> [INFORMATION SHOWN]
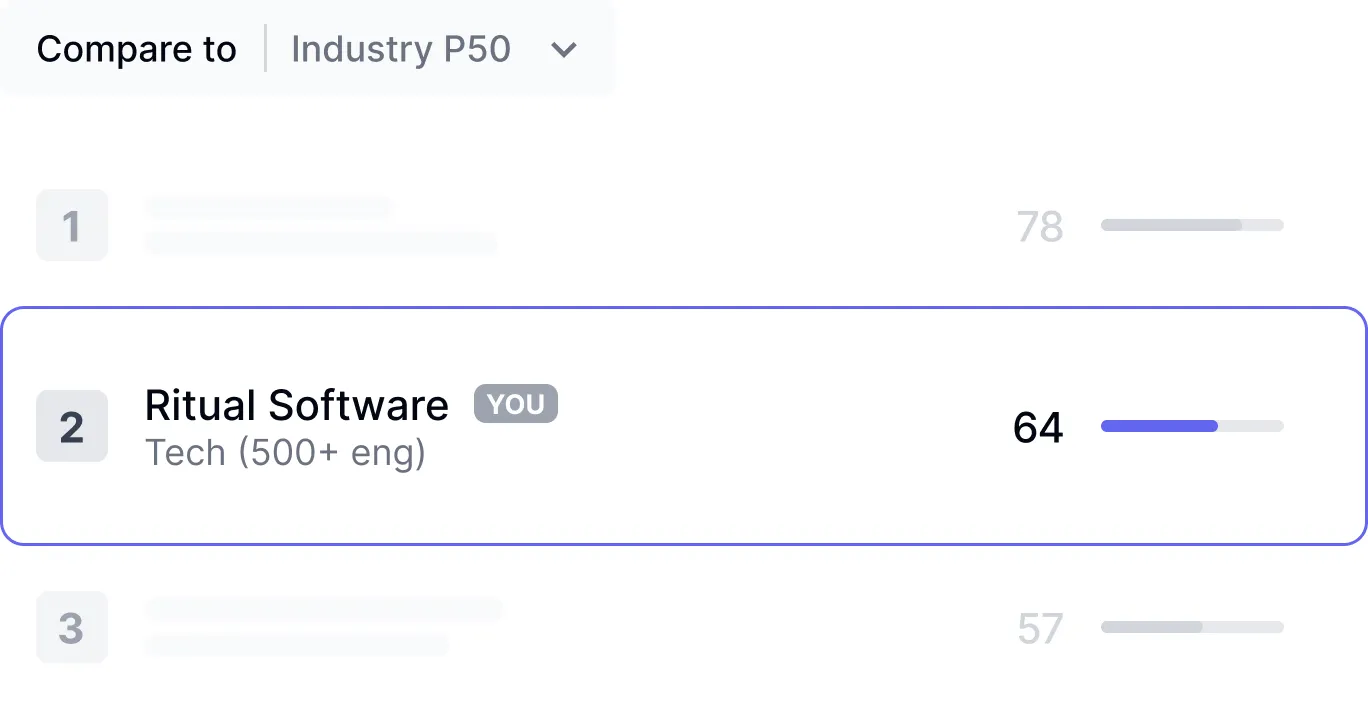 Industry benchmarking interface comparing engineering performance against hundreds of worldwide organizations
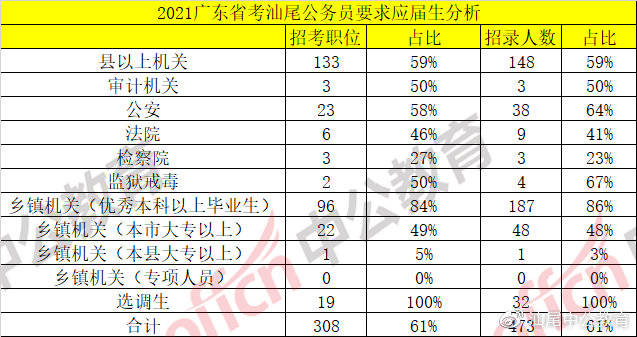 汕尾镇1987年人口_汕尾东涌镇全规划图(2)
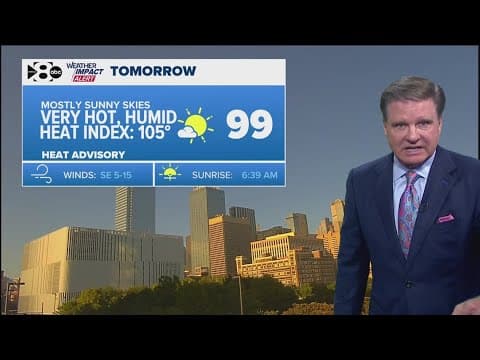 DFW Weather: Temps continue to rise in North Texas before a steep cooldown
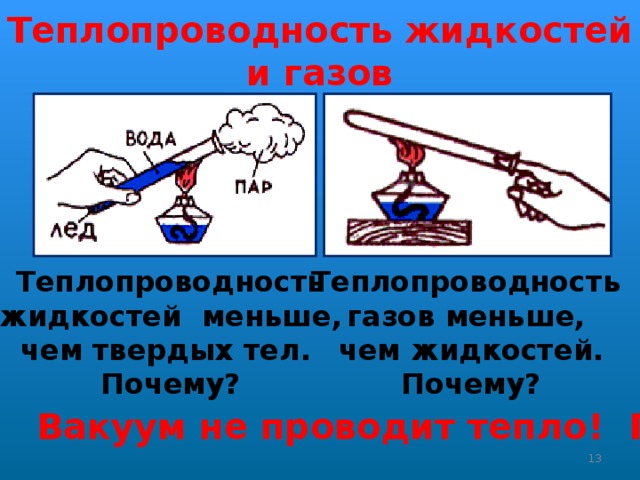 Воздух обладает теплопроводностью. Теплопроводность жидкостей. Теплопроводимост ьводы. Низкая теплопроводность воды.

> [EXERCISE REQUIREMENTS] Repeat word for word only the lines from the line holding "汕尾镇1987年人口_汕尾东涌镇全规划图(2)" to the final line of the material, both included. Don't carry over any picture.

> [OUTPUT OF THE EXERCISE]
 汕尾镇1987年人口_汕尾东涌镇全规划图(2)
 DFW Weather: Temps continue to rise in North Texas before a steep cooldown
 Воздух обладает теплопроводностью. Теплопроводность жидкостей. Теплопроводимост ьводы. Низкая теплопроводность воды.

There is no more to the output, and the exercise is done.